The Planning (Hazardous Substances) Regulations 1992 (as amended) are similarly amended with the addition of heavy fuel oils to the list of named substances in Part A of Schedule 1 to the 1992 Regulations. The effect of this is that an establishment where heavy fuel oils are present in a quantity equal to, or exceeding the controlled quantity (2,500 tonnes) becomes subject to the 1992 Regulations.

NB: existing hazardous substances consents and other specified matters are not affected by the amendment.

Subscribers to our Cardinal Environment paid-for EHS Legislation Registers already have SEVESO III loaded where relevant. These amendments will be consolidated into the Cardinal consolidated COMAH and Planning Hazardous Substances Regulations shortly. Attention will be drawn to this clarification in Annual Reviews.

Please note: to date this SEVESO III clarification is added to the British COMAH Regulations, and the English Planning Hazardous Substances Regulations only.

Scottish Independence Referendum (UK) Query

The Scottish Independence Referendum Act 2013 is here.

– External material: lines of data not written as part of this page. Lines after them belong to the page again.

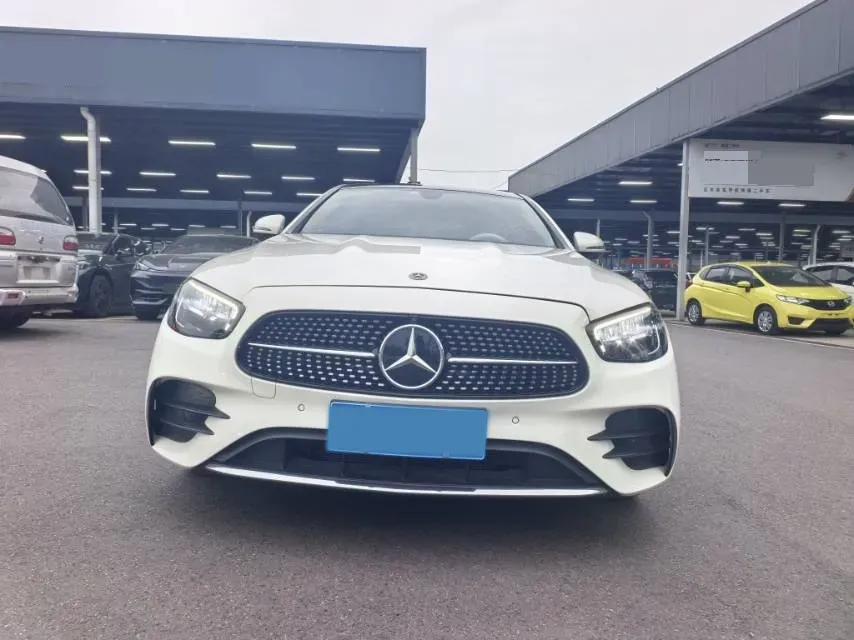 2023 Mercedes-Benz E Class 2.0T 258HP L4 9AT,autocango,china used car exporter,china ev exporter,chinese used car exporter,chinese used ev exporter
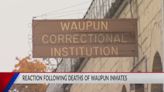 Family member’s reaction following the death of Waupun inmates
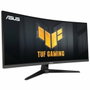 Asus TUF Gaming VG34VQ3B Moniteur de Jeu Incurvé 34 pouces WQHD 180Hz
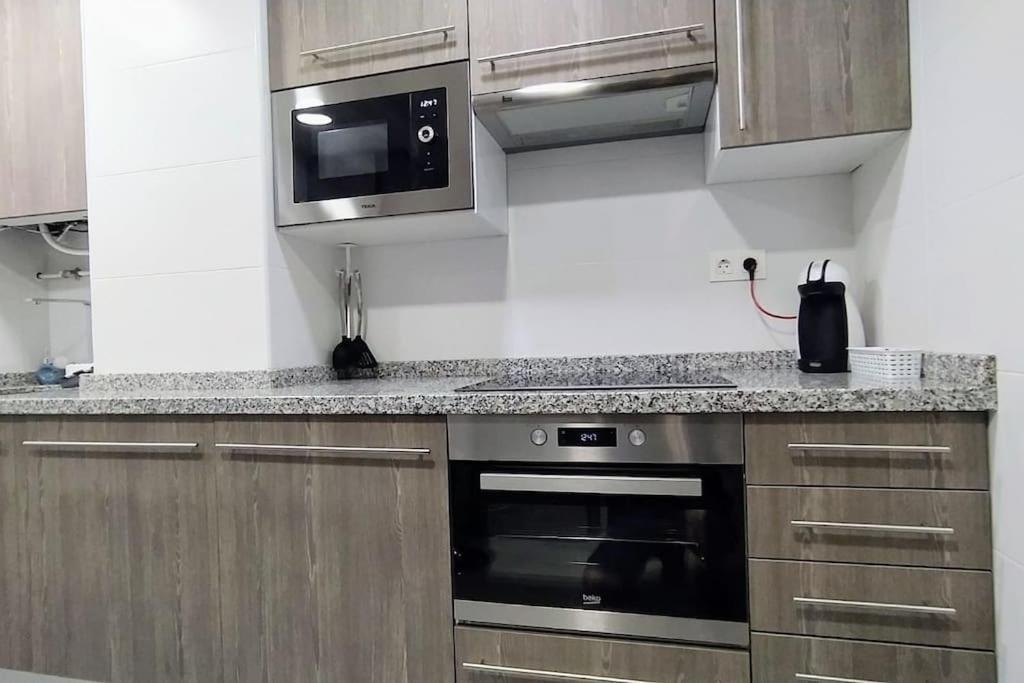 Ca Lolina Playa Apartment Gijon Ngoại thất bức ảnh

The Bill for this Act of the Scottish Parliament was passed by the Scottish Parliament on 14 November 2013 and received Royal Assent on 17th December 2013. The Edinburgh Agreement 2012 between the UK Government and the Scottish Government is here.

The date on which the poll at the referendum is to be held is 18 September 2014, unless before then an order is made to hold the referendum on another date. In any event, the referendum must be held by 31st December 2014.

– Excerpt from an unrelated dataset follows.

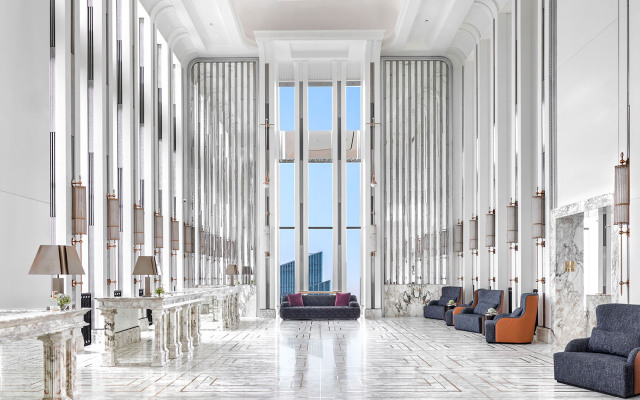 The Langham, Jakarta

Subscribers to our Cardinal Environment paid-for subscription services will continue to be updated on each EHS law change as it occurs (whether by the UK, the devolved administrations of the UK, or by a newly independent Scotland nation).

UK Offshore Oil & Gas (Wood Review)

Updated 24th February 2014

Here is Sir Ian Wood’s Final Report (UKCS Maximising Recovery Review – the Wood Review).

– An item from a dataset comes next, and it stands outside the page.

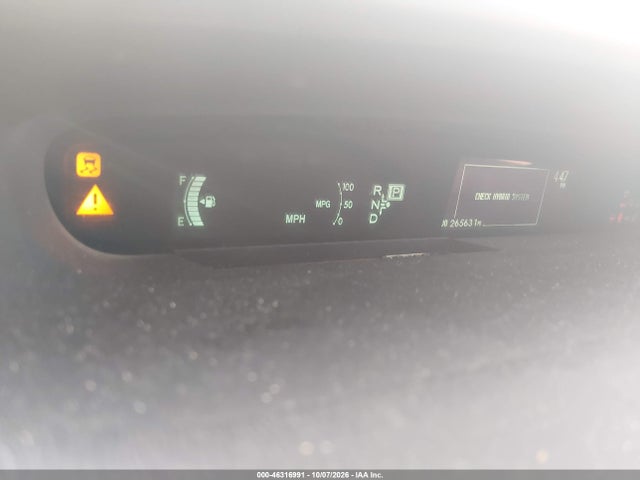 Продажа на аукционе авто 2010 Toyota Prius Ii, vin: JTDKN3DU4A0197281, номер лота: 46316991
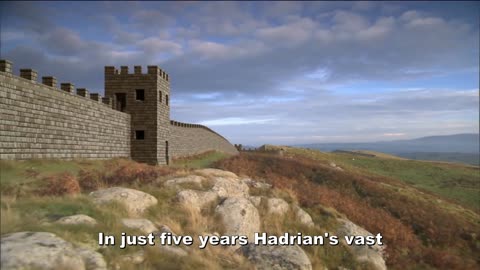 Roman Britain - Hadrian's Wall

Here is the PM Office press release of 24th February pledging action, in particular:

“The measures announced today include:

a joint commitment between government and the industry to ensure production licences are awarded on the basis of recovering the maximum amount of petroleum from UK waters as a whole rather than just each individual licence block

– greater collaboration between industry and government, for example by better sharing infrastructure, geophysical information and cutting red tape

a new independent regulator to supervise licensing and ensure maximum collaboration between companies to explore, develop and produce oil and gas”

Here is the DECC press release on the same subject, including:

Carbon Capture and Storage CCS – “Peterhead and White Rose CCS projects are the EU’s largest commercially sized projects with this phase supported by around £100m from the UK Government.”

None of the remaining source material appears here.